On appeal Justice Croft held that the damages should have been calculated on a GST exclusive basis. The appeal was successful on all three of the following grounds:
- The Magistrate failed to correctly apply the "compensatory principle". The correct amount of loss suffered by the plaintiff was the GST exclusive amount (having regard to the plaintiff's entitlement to input tax credits).
- The Magistrate failed to correctly apply the "once and for all rule". It is preferable for the plaintiff to receive a reduced one-off lump sum payment, rather than the plaintiff receiving a higher amount and later needing to reimburse the defendant.
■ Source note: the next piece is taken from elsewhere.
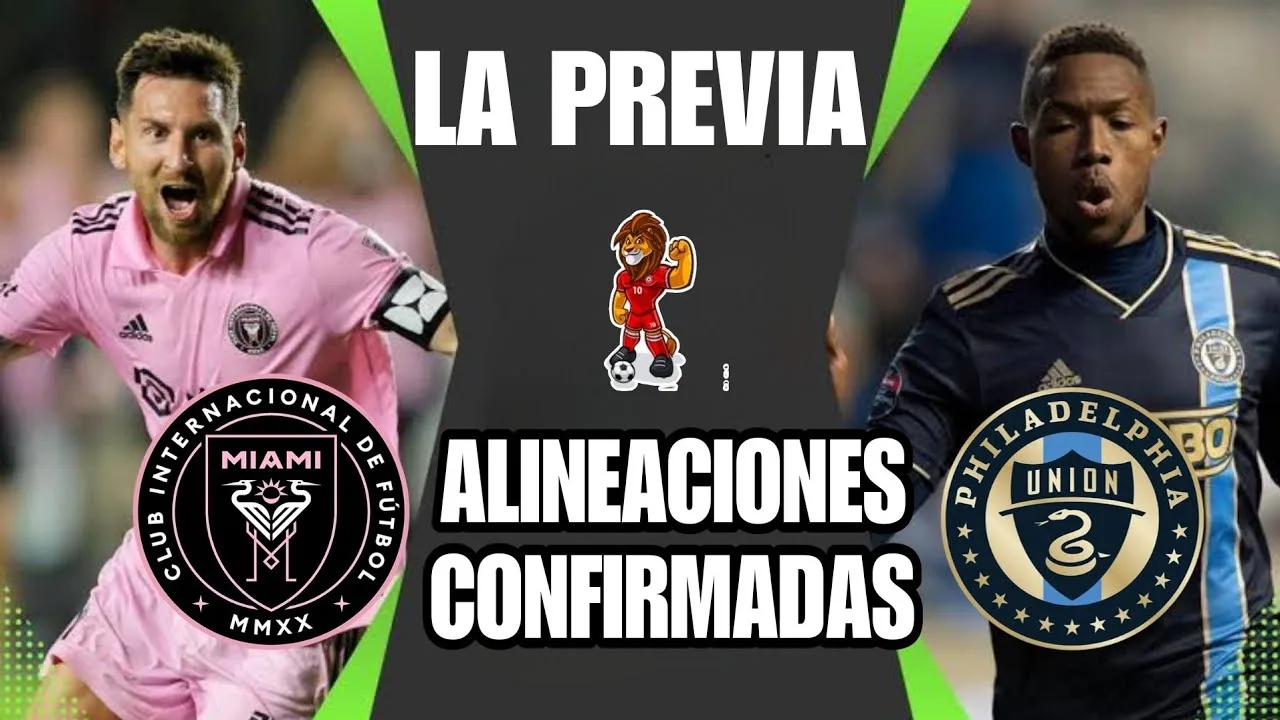Inter Miami vs Philadelphia Union hoy por la semifinal |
- The Magistrate failed to correctly apply the law relating to mitigation of loss. While there is no positive duty on a plaintiff to claim an input tax credit to mitigate loss, it would be unreasonable for a plaintiff not to claim such credits and this should be taken into account in calculating an award for damages.
Justice Croft's decision is consistent with an earlier New South Wales Supreme Court decision which similarly held that a damages award should be calculated on a GST exclusive basis where a plaintiff is entitled to full input tax credits for a cost or expense (Gagner Pty Ltd v Canturi Corporation Pty Ltd  NSWCA 413).
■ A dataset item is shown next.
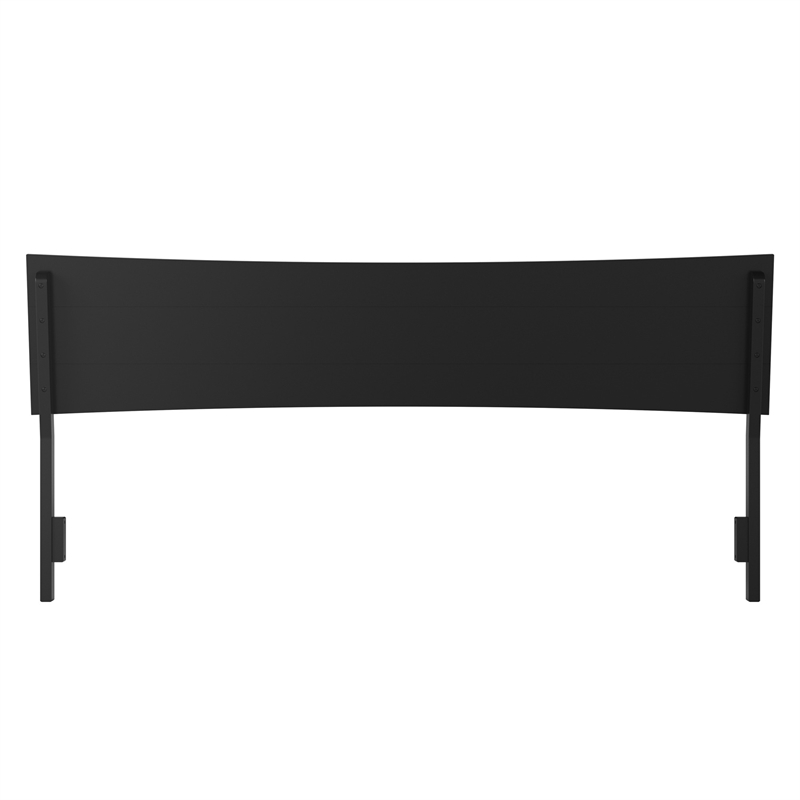 Phoenix King Solid Wood Headboard in Black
Should the defendant pay interest on the GST amount?
Justice Croft noted that the Magistrate may have been trying to structure the original damages orders so that the plaintiff was not out-of-pocket as a result of paying GST to third party suppliers before having to wait to receive the benefit of an input tax credit.
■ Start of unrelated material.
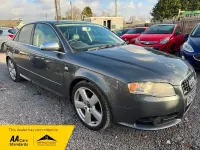 Used Audi A4 S-Line 256 HP (188 kW) 2006 Grey Sedan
His Honour noted that this cash flow cost could instead have been compensated through increasing the damages to add an amount of interest.
Will a damages award always exclude GST?
This decision, and the earlier decision in the Gagner Case, both involved circumstances where the loss suffered by the plaintiff related to a cost or expense for which a full input tax credit was available. This will not always be the case.
Justice Croft also noted that there may be instances where the GST position is not entirely certain and it is more appropriate for a damages award to be calculated on a GST inclusive basis. The case of Peet Limited v Richmond (No 2)  VSC 585 was cited as an example. In that case the Court considered it likely that the plaintiff would be liable for GST on services that had been rendered at an earlier point in time. The defendant in that case was ordered to pay a GST amount to the plaintiff within 30 days of receipt of a tax invoice from the plaintiff. The plaintiff was ordered to provide evidence to the defendant that the GST amount was in fact remitted to the ATO and to reimburse any amount received on account of GST that was not so remitted.
Unlike the Millington Case and Gagner Case which both involved acquisitions (costs that had been incurred by the plaintiff), the Peet Case involved GST issues for a supply of services that had been made by the plaintiff to the defendant for which the plaintiff was potentially liable for GST.
DLA Piper Comment
We consider the decision in the Millington Case to be a sensible outcome. The case highlights that all parties to a dispute should carefully consider the tax and GST issues that may arise from either a court decision or an out-of-court settlement.
The decision also highlights that, depending on the facts and amounts involved, it may be appropriate for a plaintiff to claim an amount for interest where there is a timing difference between the payment of GST amounts and the recovery of offsetting input tax credits.